__Information__.

╔══

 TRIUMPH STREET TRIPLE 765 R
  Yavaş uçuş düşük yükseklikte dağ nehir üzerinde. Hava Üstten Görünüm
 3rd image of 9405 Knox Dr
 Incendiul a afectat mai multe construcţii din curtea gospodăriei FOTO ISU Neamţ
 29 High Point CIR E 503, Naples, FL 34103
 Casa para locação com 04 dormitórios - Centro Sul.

╚══
╔══

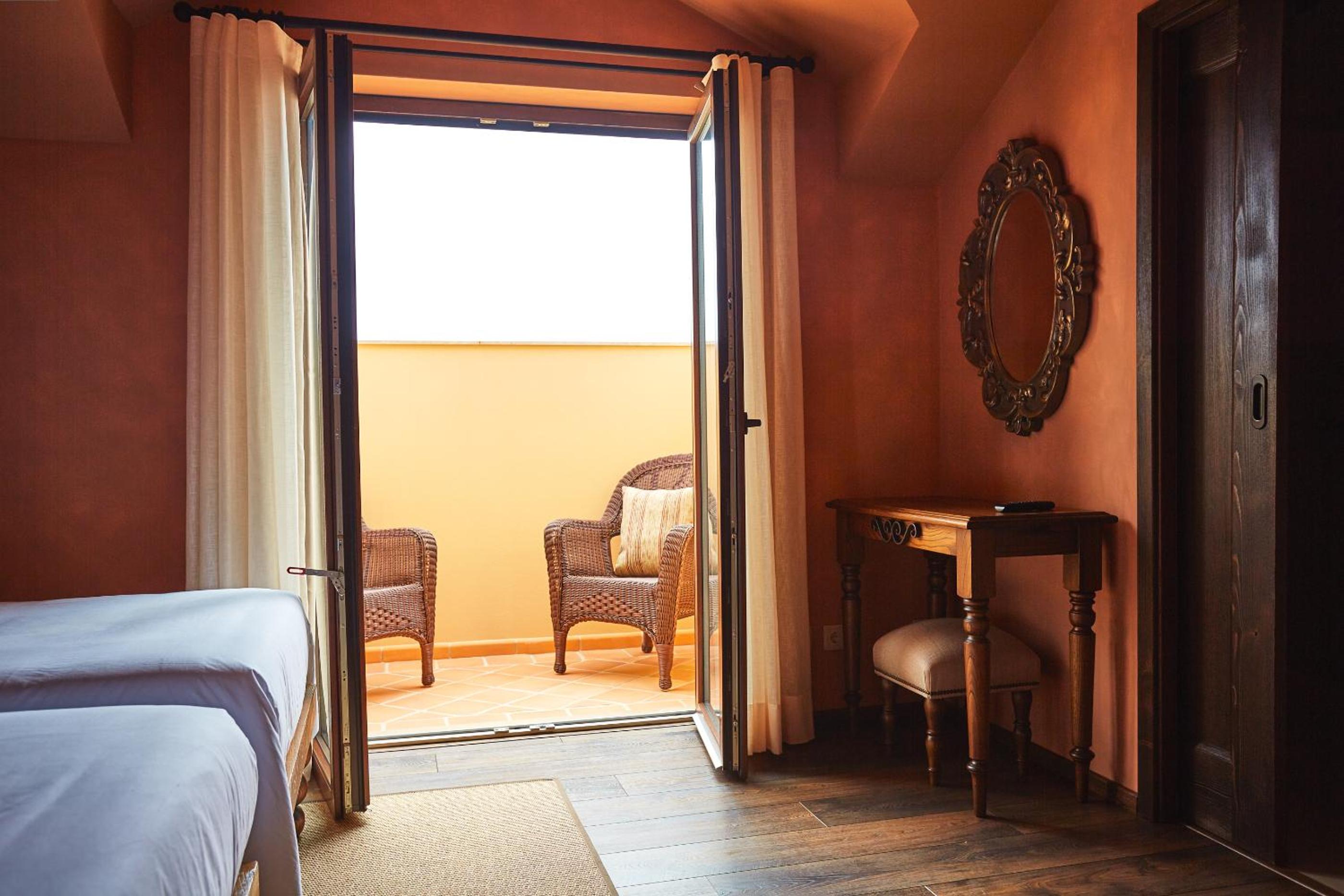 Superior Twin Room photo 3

╚══
╔══

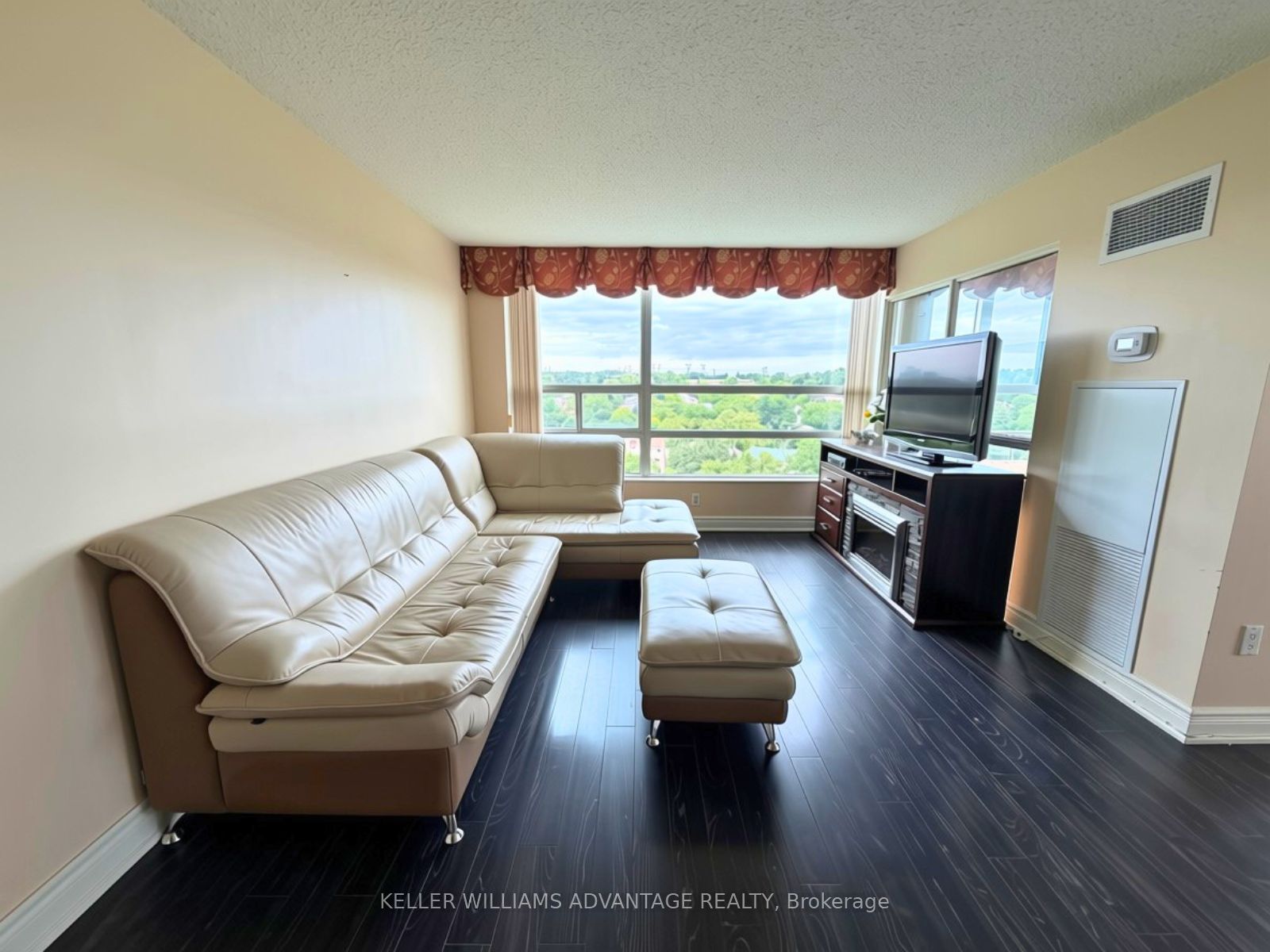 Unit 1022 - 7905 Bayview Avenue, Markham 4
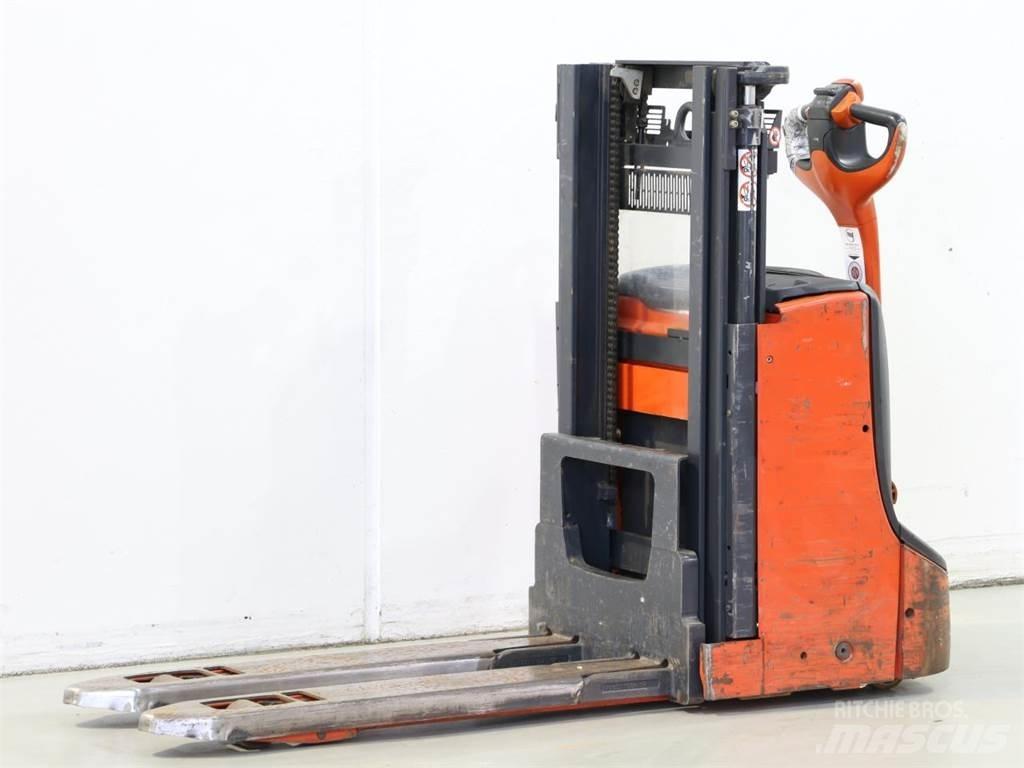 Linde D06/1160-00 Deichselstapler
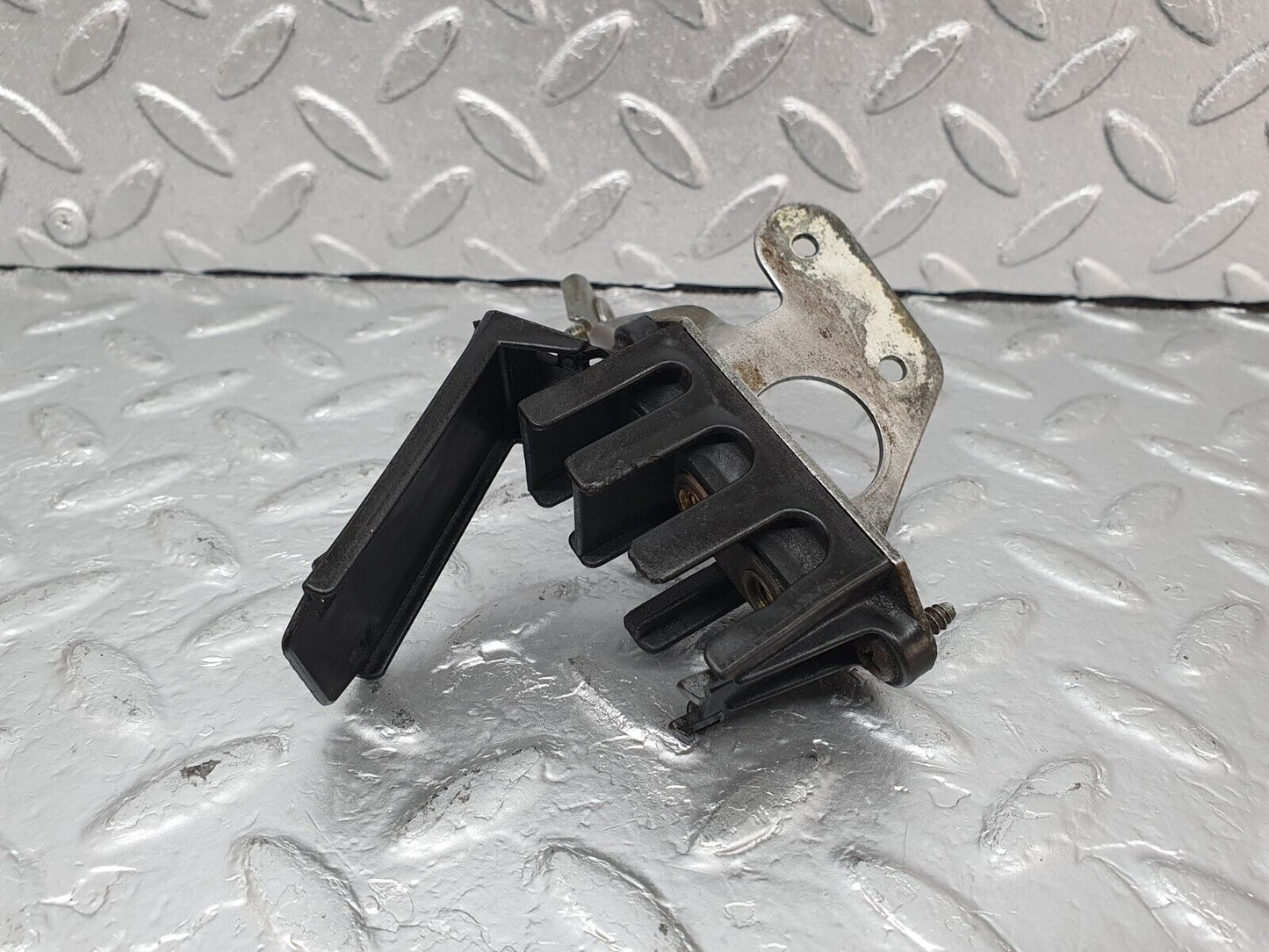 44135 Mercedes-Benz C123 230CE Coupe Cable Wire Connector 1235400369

╚══

The range runs from the line above containing "TRIUMPH STREET TRIPLE 765 R" to the line containing "Casa para locação", inclusive. Restate those lines word for word and no others.

 TRIUMPH STREET TRIPLE 765 R
  Yavaş uçuş düşük yükseklikte dağ nehir üzerinde. Hava Üstten Görünüm
 3rd image of 9405 Knox Dr
 Incendiul a afectat mai multe construcţii din curtea gospodăriei FOTO ISU Neamţ
 29 High Point CIR E 503, Naples, FL 34103
 Casa para locação com 04 dormitórios - Centro Sul.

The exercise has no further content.